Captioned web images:
=== Section Start ===

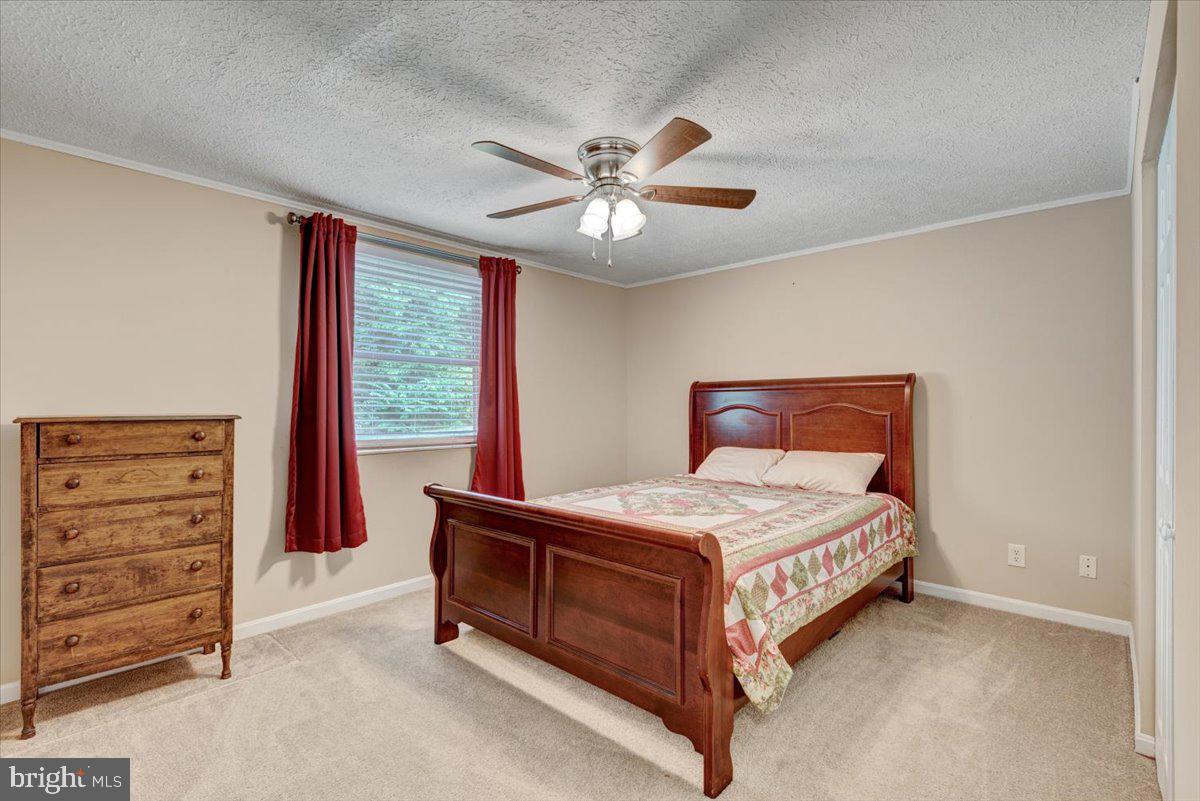 PLANTATION FOREST - Residential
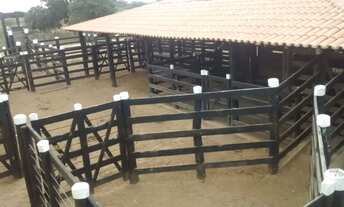 Imagem 6: Vendo Fazenda em Morpará 1.458 Tarefas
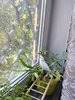IMG_20220723_164630.jpg
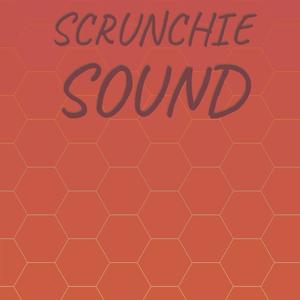 Scrunchie Sound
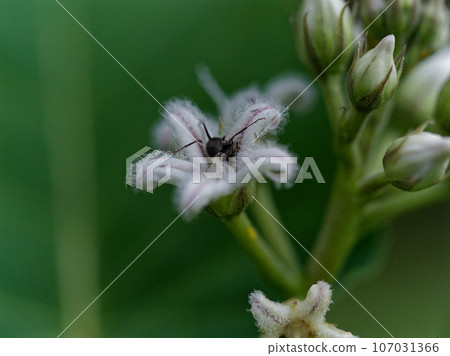 蘿藦科、夾竹桃科的白花 蘿藦科、夾竹桃科的白花 107031366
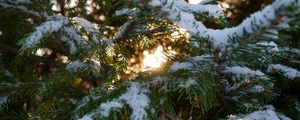 Preview wallpaper spruce, branches, snow, macro, winter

=== Section End ===

# [TASK PROMPT]
Print all of the entries word for word. Omit the pictures they contain.

# [EXERCISE OUTPUT]
 PLANTATION FOREST - Residential
 Imagem 6: Vendo Fazenda em Morpará 1.458 Tarefas
IMG_20220723_164630.jpg
 Scrunchie Sound
 蘿藦科、夾竹桃科的白花 蘿藦科、夾竹桃科的白花 107031366
 Preview wallpaper spruce, branches, snow, macro, winter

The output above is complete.